Structured languages rely more on 'if-then-else', 'do-while' or 'case' types
of flow controls, where there is a constricted number of flows available.
Coming from BASIC as my first-learned programming language, it took me a lot
of effort to re-arrange my programs to eliminate all GOTOs.

If your code does not need to use a GOTO, it's flow _is_ structured, and you
have learned subconsciously (or you were taught) how to write structured
programs rather than unstructured programs.

I once saw a diagram that showed how the program-flow formed nested loops in
the code.
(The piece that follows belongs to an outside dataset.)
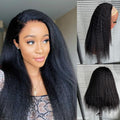 Kinky Straight Half Wig Human Hair 16 in - 3-in-1 No Glue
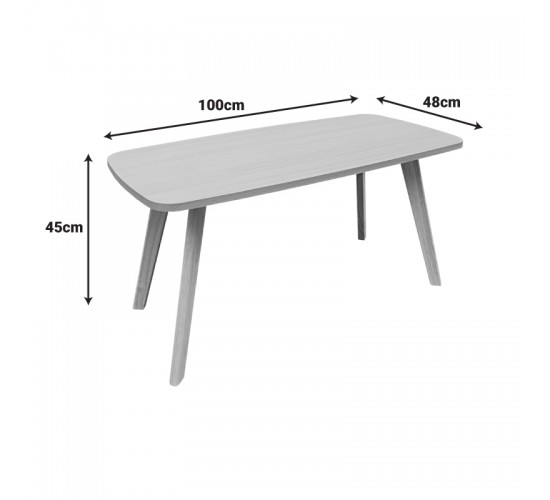 Τραπέζι σαλονιού Komela mdf σε φυσική απόχρωση 100x48x45cm Υλικό: 18mm MDF   18mm SOLID WOOD LEGS 072-000168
The idea was that the program-flow should be written so one loop
does not cross over another flow-line loop. The cartoon here (
[https://encyclopedia2.thefreedictionary.com/Spaghetti+progra...](https://encyclopedia2.thefreedictionary.com/Spaghetti+programming)
) shows the crossing of flow-lines.

------
kazinator
COBOL missed the vast market of small to mid-size businesses computerizing
themselves with the emerging PC. It failed to migrate to microcomputers, and
had its lunch eaten by the so-called "4GL" languages such as Ashton-Tate's
dBase and its descendants and imitations collectively known as "xBase"
(including Clipper, FoxPro and such).

[https://en.wikipedia.org/wiki/Ashton-
Tate](https://en.wikipedia.org/wiki/Ashton-Tate)

dBase programmers in the 80's were basically the target market for COBOL: in-
house business applications built around a database, with a bit of UI.

In some ways dBase was the COBOL of the microcomputer revolution. It's
similarly obtuse; it has all the appeal of COBOL.

[https://en.wikipedia.org/wiki/DBase#Programming_examples](https://en.wikipedia.org/wiki/DBase#Programming_examples)